E i talent show riesci a seguirli?
Sui talent ho un’opinione da spettatore. Il mondo che conoscevo io non esiste più. O meglio, di band, di artisti che cercano di farsi strada nell’underground ce ne sono, ma non esistono più i canali. Mi piacerebbe che ci fosse un’alternativa, ma mi rendo conto che le case discografiche in questo momento, hanno preso atto del potere della tv e si sono appoggiate a questo trend. In “Poser” abbiamo ironizzato su quelli che sono i tic di questa società contemporanea, che si ritrova spesso davanti a un monitor, anche quello di uno smartphone, ma rimane incastrata nel meccanismo.
Stare con una major può limitare gli artisti?
Negli anni Novanta la mia generazione è riuscita a produrre tante proposte musicali, che hanno trovato spazio nelle major. Noi, tra i pochi rimasti di quegli anni, siamo rimasti a un buon livello senza ricevere mai pressioni. Siamo ancora una proposta diversa, come lo eravamo nel ’94, abbiamo sempre avuto una certa filosofia, possiamo confrontarci sulla scelta di un singolo, ma i direttori artistici hanno sempre apprezzato e sponsorizzato la fantasia dei Negrita.
Non ti definisci “poser”, infatti. Ma canti “I’m a loser”: perché?
Per lo stesso motivo: se non stai dentro il sistema che cercano di importi, rischi di essere out, quindi un perdente. Nel testo “I’m a loser” è usato per dire: va bene, mi adeguo, sono tranquillamente un perdente… ma lo dico dalla posizione di uno che sta per iniziare un tour di concerti, quindi mi va bene.
C’è anche una traccia del passato nell’ultimo lavoro, il brano “1989”, giusto?
Sì, sono ricordi romantici di ex ragazzi. Era rimasto nel cassetto, scartato per motivi stilistici dal disco L’uomo sogna di volare. È tornato fuori l’anno scorso, riprendendolo ci siamo resi conto che era un pezzo bello, le atmosfere ci hanno riportato ai nostri vent’anni, quando guardavamo il mondo con la meraviglia, con la voglia di scoprire, di viaggiare.
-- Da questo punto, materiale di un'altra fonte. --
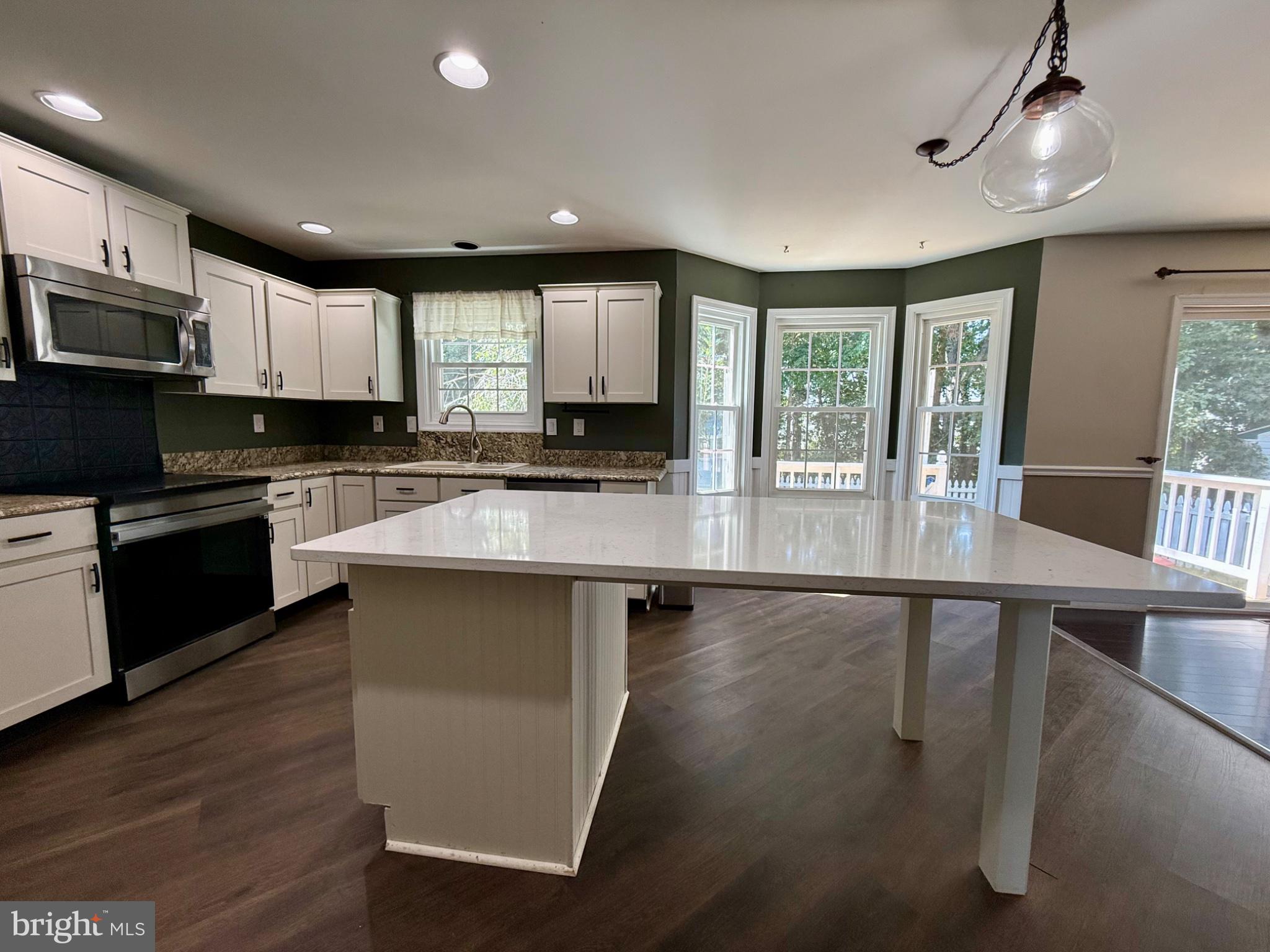 20797 RED ROSE COURT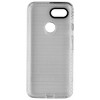 CellHelmet Altitude X Series Gel Case for Google Pixel 3 Smartphones - Clear - 3 of 3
Abbiamo voluto raccontare quel periodo, anche con i fatti storici del momento, come il crollo del muro di Berlino. Ci sembrava bello riscriverne per far capire, soprattutto a chi ha iniziato a seguirci da poco, da dove arriviamo.
Infine, l’amore. Cosa volete dirci con “Se sei l’amore”?
La canzone si riferisce all’amore che dovrebbe essere un faro conduttore dell’umanità. Alcuni l’hanno interpretata come una preghiera, ma è il contrario, in realtà è rivolta all’uomo, alla bontà dell’uomo stesso. Un tema che ho sviscerato con tutta la disillusione dei miei 47 anni, quando ti rendi conto che la situazione, nella cronaca mondiale, è distante da un’entità, diciamo, amorosa. Questa cosa ti fa male, soprattutto quando cerchi di crescere un figlio in un mondo come questo. Nel brano parlo con l’amore, che ci può salvare.
Cosa servirebbe per una rinascita culturale e umana?
La situazione politica è stagnante… se arrivasse un leader illuminato, gli farei un monumento! Ma prima di tutto dobbiamo cambiare noi. Siamo un popolo che si lamenta, invece di rimboccarsi le maniche, pur avendo un’energia superiore alla media.